On Wed, May 21, 2025 at 11:45:27AM +0800, Zhongkun He wrote:
> Setting the cpuset.mems in cgroup v2 can trigger memory
> migrate in cpuset. This behavior is fine for newly created
> cgroups but it can cause issues for the existing cgroups.
> In our scenario, modifying the cpuset.mems setting during
> peak times frequently leads to noticeable service latency
> or stuttering.
> 
> It is important to have a consistent set of behavior for
> both cpus and memory. But it does cause issues at times,
> so we would like to have a flexible option.
> 
> This idea is from the non-blocking limit setting option in
> memory control.
> 
> https://lore.kernel.org/all/20250506232833.3109790-1-shakeel.butt@linux.dev/
> 
> Signed-off-by: Zhongkun He <hezhongkun.hzk@bytedance.com>
> ---
>  Documentation/admin-guide/cgroup-v2.rst | 7 +++++++
>  kernel/cgroup/cpuset-internal.h         | 6 ++++++
>  kernel/cgroup/cpuset.c                  | 7 +++++++
>  3 files changed, 20 insertions(+)
> 
> diff --git a/Documentation/admin-guide/cgroup-v2.rst b/Documentation/admin-guide/cgroup-v2.rst
> index 1a16ce68a4d7..d9e8e2a770af 100644
> --- a/Documentation/admin-guide/cgroup-v2.rst
> +++ b/Documentation/admin-guide/cgroup-v2.rst
> @@ -2408,6 +2408,13 @@ Cpuset Interface Files
>  	a need to change "cpuset.mems" with active tasks, it shouldn't
>  	be done frequently.
>  
> +	If cpuset.mems is opened with O_NONBLOCK then the migration is
> +	bypassed.
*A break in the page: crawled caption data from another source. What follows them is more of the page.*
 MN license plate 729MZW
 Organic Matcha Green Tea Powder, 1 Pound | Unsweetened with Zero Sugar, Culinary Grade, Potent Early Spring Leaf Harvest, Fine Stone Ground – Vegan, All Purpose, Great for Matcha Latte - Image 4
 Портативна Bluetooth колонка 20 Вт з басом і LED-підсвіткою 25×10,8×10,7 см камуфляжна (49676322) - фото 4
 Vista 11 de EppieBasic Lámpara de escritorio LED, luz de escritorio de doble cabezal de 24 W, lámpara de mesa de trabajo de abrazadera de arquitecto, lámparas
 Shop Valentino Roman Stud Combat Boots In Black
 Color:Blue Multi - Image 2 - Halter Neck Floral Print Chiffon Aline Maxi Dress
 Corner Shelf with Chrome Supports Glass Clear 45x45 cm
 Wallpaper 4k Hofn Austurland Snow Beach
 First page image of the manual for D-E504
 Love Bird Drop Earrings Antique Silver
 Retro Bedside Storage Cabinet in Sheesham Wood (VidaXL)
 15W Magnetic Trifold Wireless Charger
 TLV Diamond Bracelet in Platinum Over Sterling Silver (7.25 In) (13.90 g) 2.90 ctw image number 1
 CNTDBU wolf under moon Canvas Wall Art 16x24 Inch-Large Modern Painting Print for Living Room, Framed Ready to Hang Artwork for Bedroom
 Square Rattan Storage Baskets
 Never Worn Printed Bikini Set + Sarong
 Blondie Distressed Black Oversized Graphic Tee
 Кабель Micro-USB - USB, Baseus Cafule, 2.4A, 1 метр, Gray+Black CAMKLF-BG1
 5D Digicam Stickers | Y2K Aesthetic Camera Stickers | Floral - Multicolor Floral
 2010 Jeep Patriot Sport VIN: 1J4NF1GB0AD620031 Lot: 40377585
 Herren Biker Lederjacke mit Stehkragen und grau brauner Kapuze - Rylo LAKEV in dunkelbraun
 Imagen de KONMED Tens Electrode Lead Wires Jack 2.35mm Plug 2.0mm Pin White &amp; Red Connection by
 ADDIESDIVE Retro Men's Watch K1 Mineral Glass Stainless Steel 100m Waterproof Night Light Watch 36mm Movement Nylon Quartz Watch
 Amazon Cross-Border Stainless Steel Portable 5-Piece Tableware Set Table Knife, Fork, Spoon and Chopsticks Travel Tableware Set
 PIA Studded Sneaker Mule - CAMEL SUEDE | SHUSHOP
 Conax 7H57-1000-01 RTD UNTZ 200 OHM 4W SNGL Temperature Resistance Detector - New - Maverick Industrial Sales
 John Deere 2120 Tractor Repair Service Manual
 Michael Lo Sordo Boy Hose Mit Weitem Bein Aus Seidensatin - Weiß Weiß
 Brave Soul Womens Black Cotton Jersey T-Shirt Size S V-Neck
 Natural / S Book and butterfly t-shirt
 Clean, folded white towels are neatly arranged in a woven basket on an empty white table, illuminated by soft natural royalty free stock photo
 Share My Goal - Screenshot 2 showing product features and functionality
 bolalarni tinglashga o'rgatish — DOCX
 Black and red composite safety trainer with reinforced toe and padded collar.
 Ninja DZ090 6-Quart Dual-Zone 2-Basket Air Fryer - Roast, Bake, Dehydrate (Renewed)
This is useful for admin processes that need to adjust
> +	the cpuset.mems dynamically without blocking. However, there is
> +	a risk that previously allocated pages are not within the new
> +	cpuset.mems range, which may be altered by move_pages syscall or
> +	numa_balance.

As said in the other thread, nack on this approach.

Thanks.

-- 
tejun

^ permalink raw reply	[flat|nested] 23+ messages in thread

* Re: [External] Re: [PATCH] cpuset: introduce non-blocking cpuset.mems setting option
  2025-05-21 17:14     ` Tejun Heo
@ 2025-05-22  3:37       ` Zhongkun He
  2025-05-22 19:03         ` Tejun Heo
  0 siblings, 1 reply; 23+ messages in thread
From: Zhongkun He @ 2025-05-22  3:37 UTC (permalink / raw)
  To: Tejun Heo; +Cc: Waiman Long, hannes, cgroups, linux-kernel, muchun.song

On Thu, May 22, 2025 at 1:14 AM Tejun Heo <tj@kernel.org> wrote:
>
> On Wed, May 21, 2025 at 10:35:57AM +0800, Zhongkun He wrote:
> > On Tue, May 20, 2025 at 9:35 PM Waiman Long <llong@redhat.com> wrote:
> > >
> > > On 5/19/25 11:15 PM, Zhongkun He wrote:
> > > > Setting the cpuset.mems in cgroup v2 can trigger memory
> > > > migrate in cpuset. This behavior is fine for newly created
> > > > cgroups but it can cause issues for the existing cgroups.
> > > > In our scenario, modifying the cpuset.mems setting during
> > > > peak times frequently leads to noticeable service latency
> > > > or stuttering.
> > > >
> > > > It is important to have a consistent set of behavior for
> > > > both cpus and memory. But it does cause issues at times,
> > > > so we would hope to have a flexible option.
> > > >
> > > > This idea is from the non-blocking limit setting option in
> > > > memory control.
> > > >
> > > > https://lore.kernel.org/all/20250506232833.3109790-1-shakeel.butt@linux.dev/
> > > >
> > > > Signed-off-by: Zhongkun He <hezhongkun.hzk@bytedance.com>
> > > > ---
> > > >   Documentation/admin-guide/cgroup-v2.rst |  7 +++++++
> > > >   kernel/cgroup/cpuset.c                  | 11 +++++++++++
> > > >   2 files changed, 18 insertions(+)
> > > >
> > > > diff --git a/Documentation/admin-guide/cgroup-v2.rst b/Documentation/admin-guide/cgroup-v2.rst
> > > > index 1a16ce68a4d7..d9e8e2a770af 100644
> > > > --- a/Documentation/admin-guide/cgroup-v2.rst
> > > > +++ b/Documentation/admin-guide/cgroup-v2.rst
> > > > @@ -2408,6 +2408,13 @@ Cpuset Interface Files
> > > >       a need to change "cpuset.mems" with active tasks, it shouldn't
> > > >       be done frequently.
> > > >
> > > > +     If cpuset.mems is opened with O_NONBLOCK then the migration is
> > > > +     bypassed. This is useful for admin processes that need to adjust
> > > > +     the cpuset.mems dynamically without blocking. However, there is
> > > > +     a risk that previously allocated pages are not within the new
> > > > +     cpuset.mems range, which may be altered by move_pages syscall or
> > > > +     numa_balance.
>
> I don't think this is a good idea. O_NONBLOCK means "don't wait", not "skip
> this".

Yes, I agree.  However, we have been experiencing this issue for a long time,
so we hope to have an option to disable memory migration in v2.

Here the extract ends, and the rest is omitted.